**DATA FOR THIS TASK**
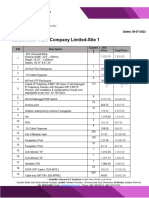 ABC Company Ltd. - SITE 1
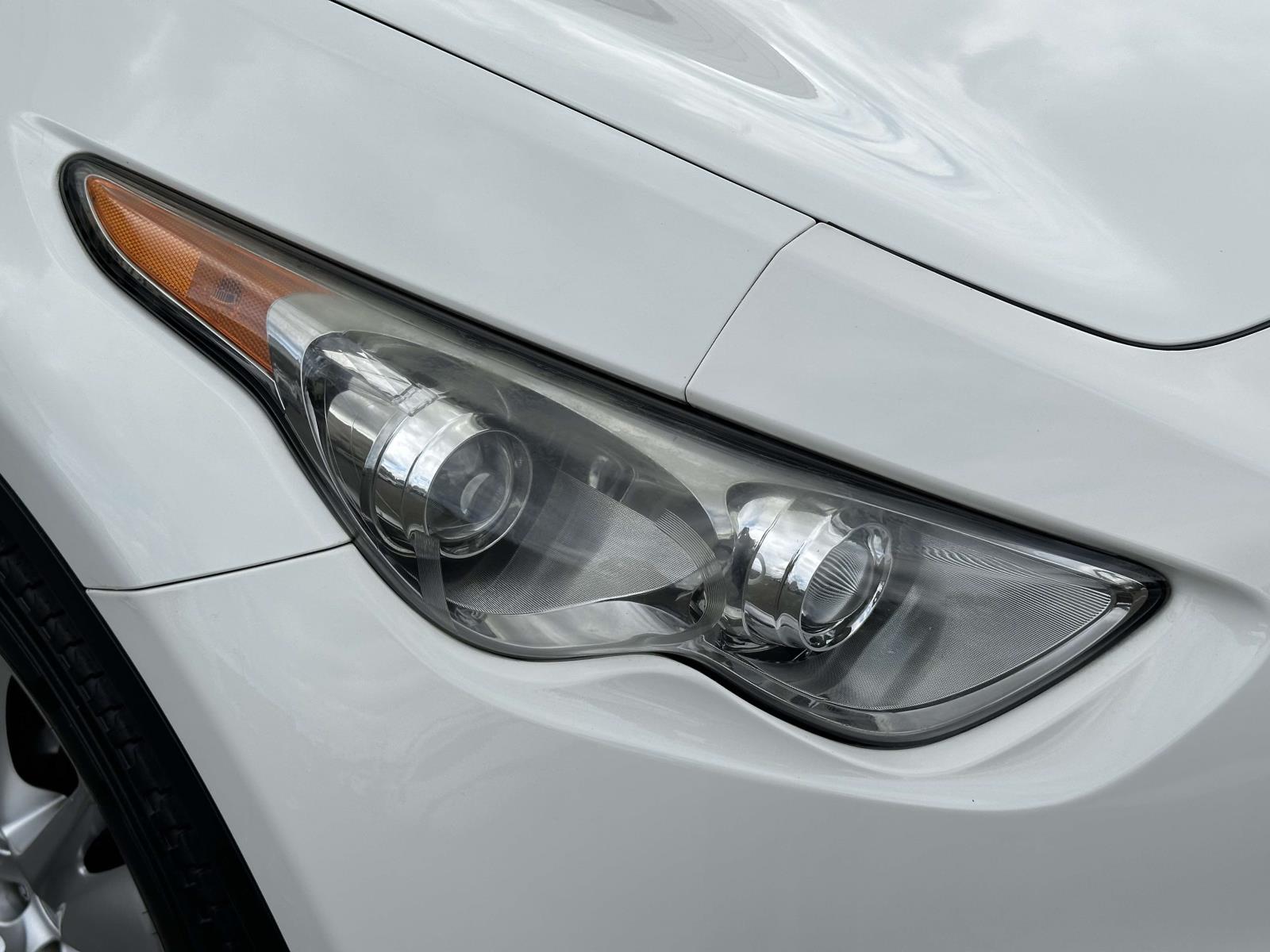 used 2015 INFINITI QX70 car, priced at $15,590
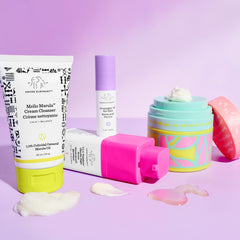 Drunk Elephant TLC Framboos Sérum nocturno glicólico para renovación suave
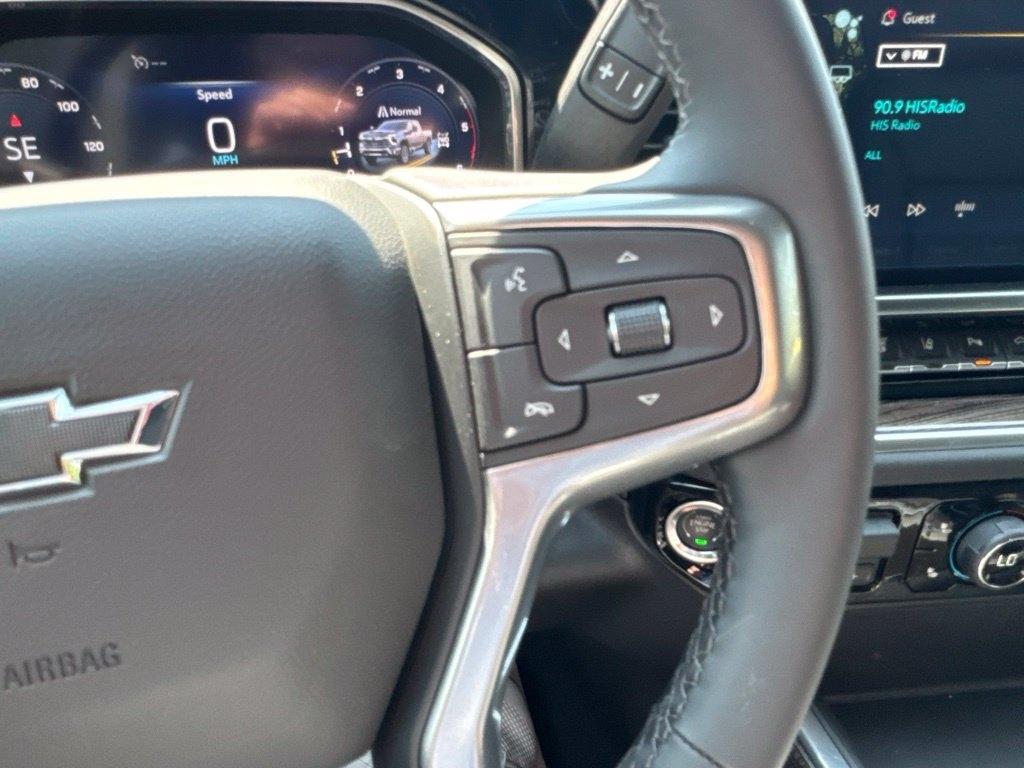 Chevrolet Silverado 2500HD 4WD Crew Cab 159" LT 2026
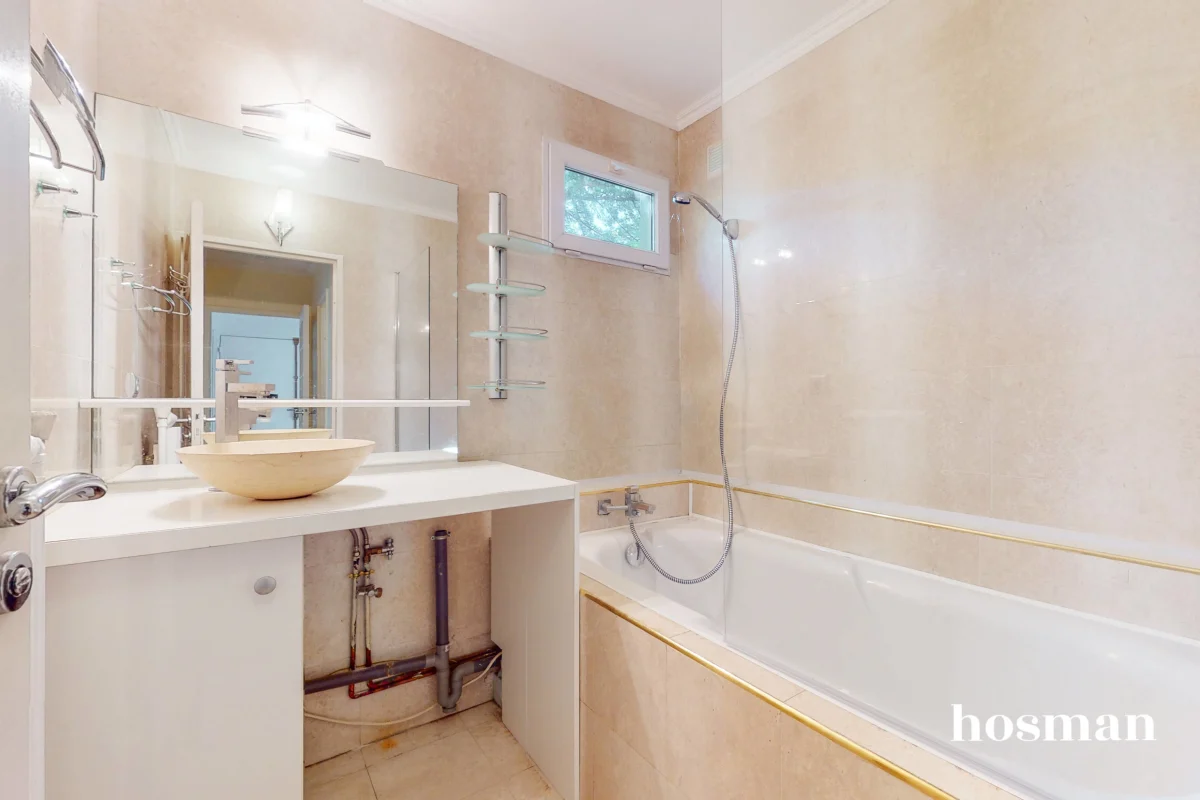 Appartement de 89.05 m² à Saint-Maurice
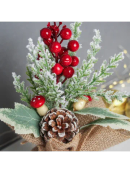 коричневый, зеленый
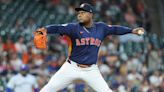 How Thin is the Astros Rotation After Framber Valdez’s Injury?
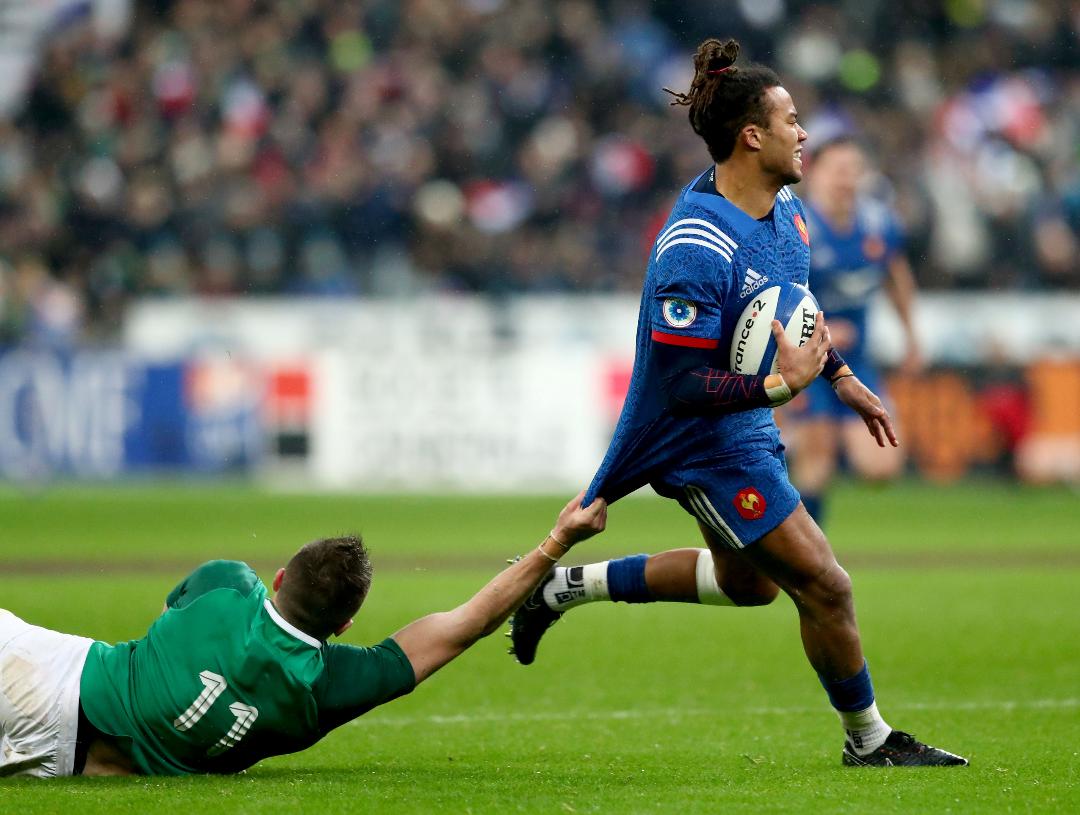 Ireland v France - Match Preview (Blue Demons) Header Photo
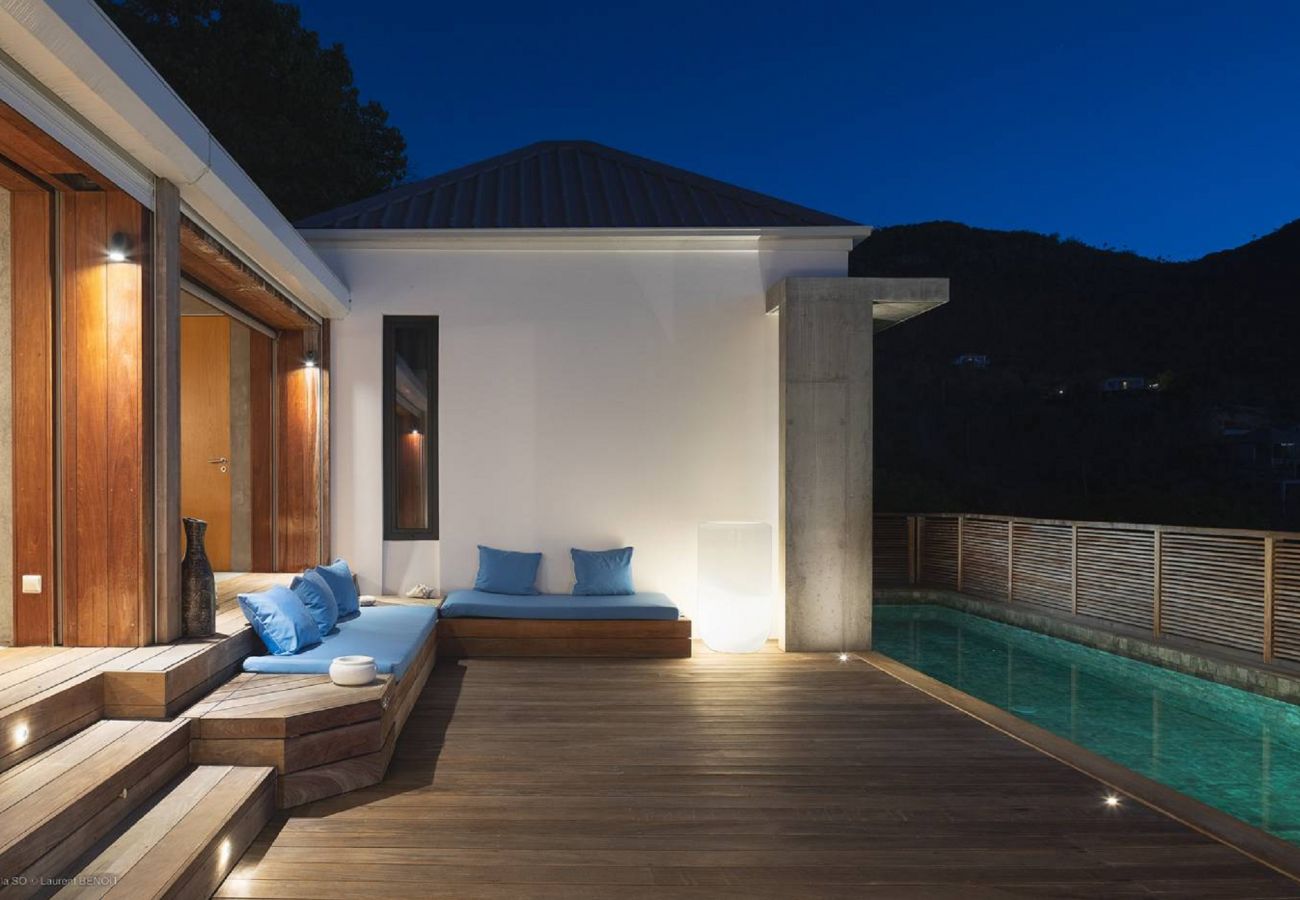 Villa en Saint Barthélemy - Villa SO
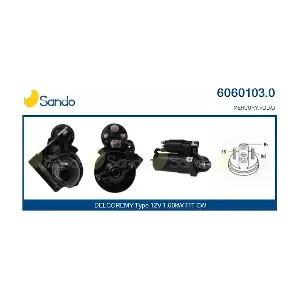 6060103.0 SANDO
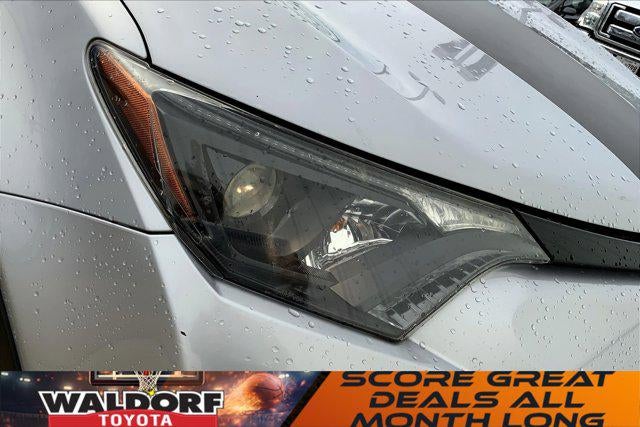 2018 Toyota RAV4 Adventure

**PROBLEM TO WORK ON**
Only one stretch of the material above is wanted: the line containing "used 2015 INFINITI" through the line containing "коричневый, зеленый". Restate it word for word, minus the pictures.

**ANSWER BELOW**
 used 2015 INFINITI QX70 car, priced at $15,590
 Drunk Elephant TLC Framboos Sérum nocturno glicólico para renovación suave
 Chevrolet Silverado 2500HD 4WD Crew Cab 159" LT 2026
 Appartement de 89.05 m² à Saint-Maurice
 коричневый, зеленый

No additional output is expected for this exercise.